This document outlines several models related to S4, including how to use them in this codebase if available, or pointers to their official repositories.

### S5 (ICLR 2023)
> **Simplified State Space Layers for Sequence Modeling**\
> Jimmy T.H. Smith, Andrew Warrington, Scott W. Linderman\
> Paper: https://arxiv.org/abs/2208.04933

S5 (Simplified S4) makes two main changes to S4. First, it concurrently discovered the same diagonal approximation to the original S4 HiPPO matrix that DSS and S4D use. Second, it uses a multi-input multi-output (MIMO) SSM instead of single-input single-output (SISO) like S4. This also decreases the effective hidden size of the model and allows the SSM state $x$ to be materialized, so S5 is more efficiently computed by directly unrolling the recurrence, than by the convolutional view of S4.

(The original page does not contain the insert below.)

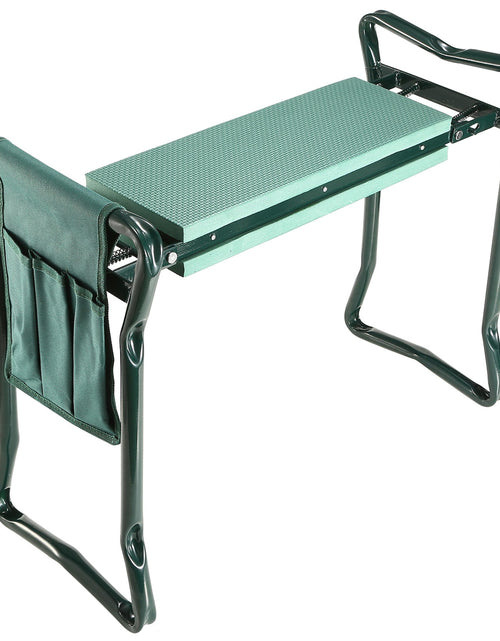 Load image into Gallery viewer, Foldable Garden Kneeler Seat w/ Kneeling Soft Cushion Pad Tools Pouch Portable Gardener Kneeling Bench Stool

There is no known PyTorch implementation of S5 as PyTorch currently does not support general scan functions.
The official S5 implementation is in JAX: https://github.com/lindermanlab/S5


### GSS (ICLR 2023)
> **Long Range Language Modeling via Gated State Spaces**\
> Harsh Mehta, Ankit Gupta, Ashok Cutkosky, Behnam Neyshabur\
> Paper: https://arxiv.org/abs/2206.13947

GSS (Gated State Space) is variant of DSS/S4D specialized for language modeling on TPUs.
It has two main characteristics:
1. *Gating* - Incorporates an additional multiplicative feedforward branch. Additionally, it bottlenecks the dimension of the input to the SSM. These changes are largely motivated by efficiently on TPUs, which is better suited for large feedforward matmuls rather than the FFT convolutions used by the SSM.
2. *Simplified kernel* - Matrix $A$ is randomly initialized, matrix $B=1$ and step size $\Delta=1.0$ are frozen.

These modifications can all be flexibly toggled. The full GSS layer is roughly equivalent to the following options.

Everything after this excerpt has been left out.